*WHAT IS NEEDED*:
From the line containing "Teclado Korg M3" through the end of the entries, please repeat every line exactly and nothing more; the pictures do not belong in the copy.

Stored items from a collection

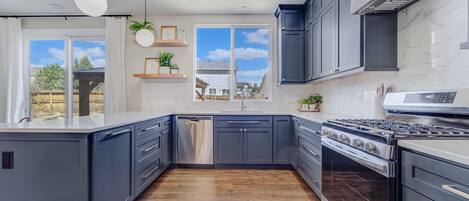 冷蔵庫、電子レンジ、オーブン、コンロ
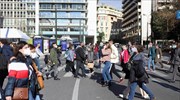 Εξαδάκτυλος: Η Όμικρον κυριαρχεί αλλά δεν έχει εκτοπίσει την Δέλτα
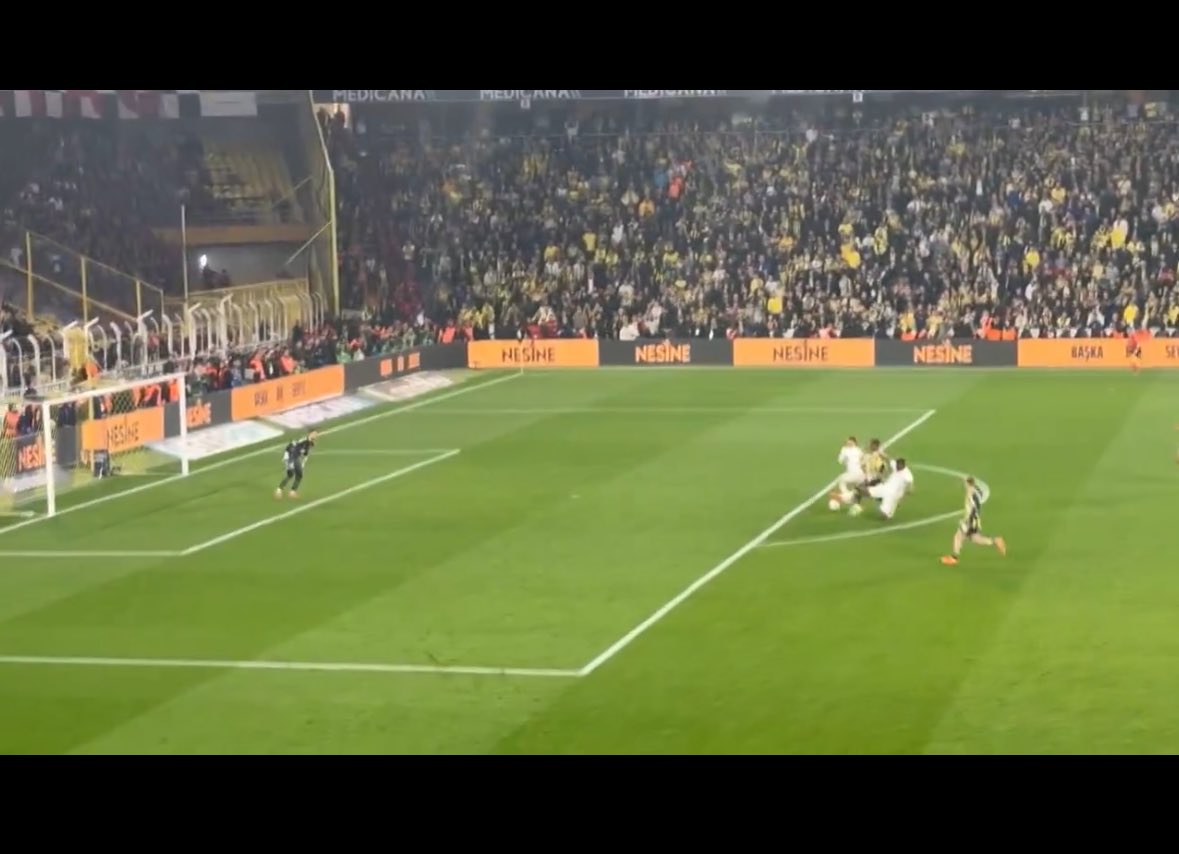 horace35 tweet media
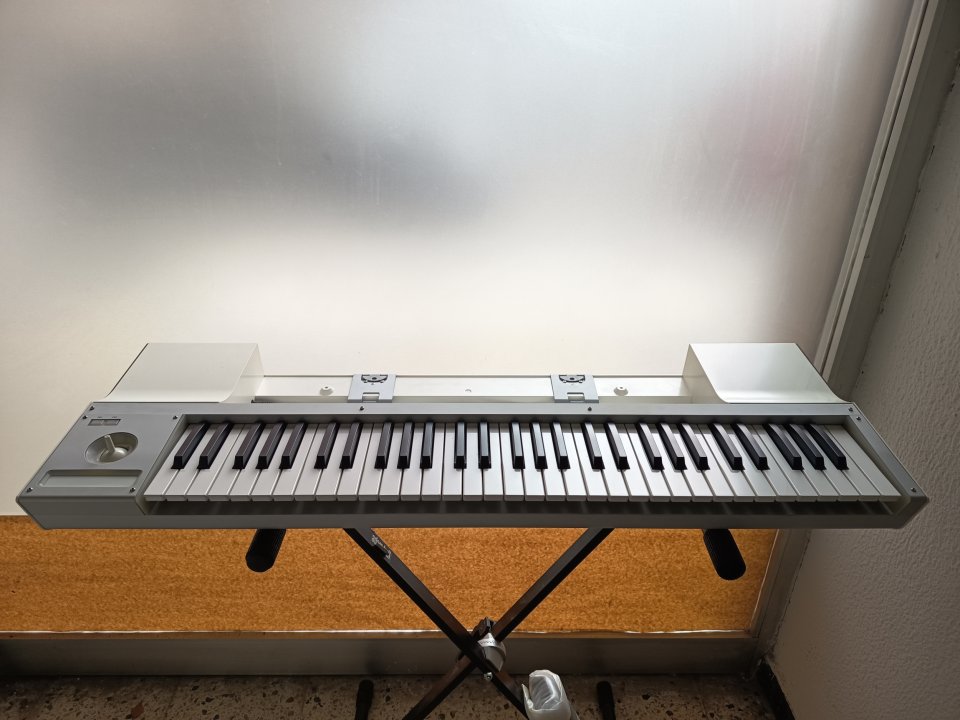 Teclado Korg M3 61 ( Sin módulo M3M) de segunda mano · Foto 1 de 5 · Barcelona · 350 €
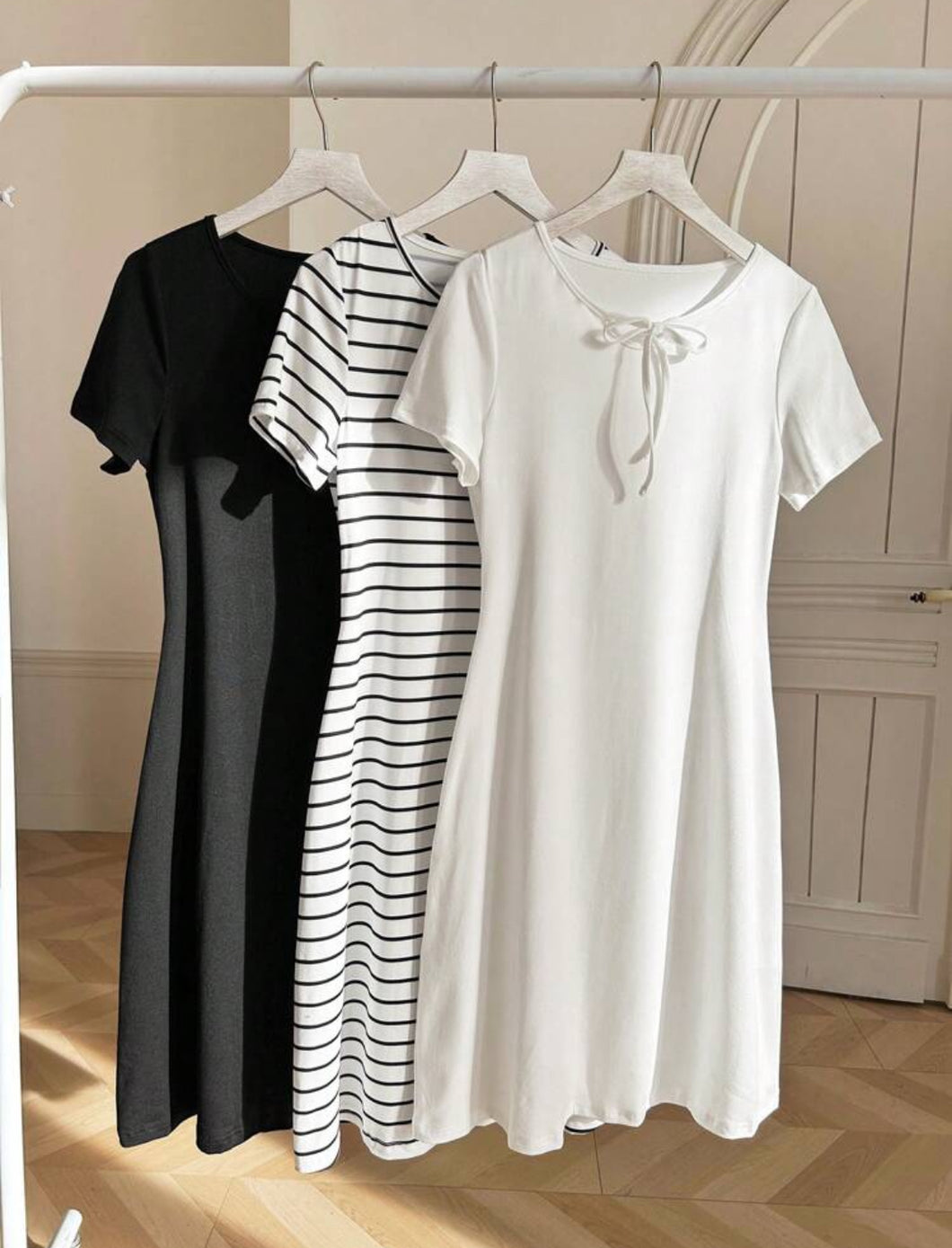 3 قطع مجموعة من الفستان المخطط باللونين الأسود والأبيض والفستان الأسود'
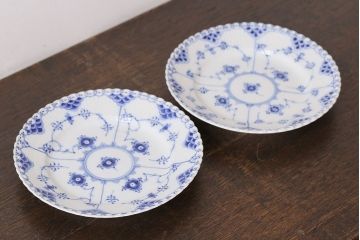 中古　ROYAL COPENHAGEN(ロイヤルコペンハーゲン)　19.5cm　ブルーフルーテッドフルレース　プレート2枚セット(洋食器)(定価約6万5千円)(2)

*RESULT*:
 Teclado Korg M3 61 ( Sin módulo M3M) de segunda mano · Foto 1 de 5 · Barcelona · 350 €
 3 قطع مجموعة من الفستان المخطط باللونين الأسود والأبيض والفستان الأسود'
 中古　ROYAL COPENHAGEN(ロイヤルコペンハーゲン)　19.5cm　ブルーフルーテッドフルレース　プレート2枚セット(洋食器)(定価約6万5千円)(2)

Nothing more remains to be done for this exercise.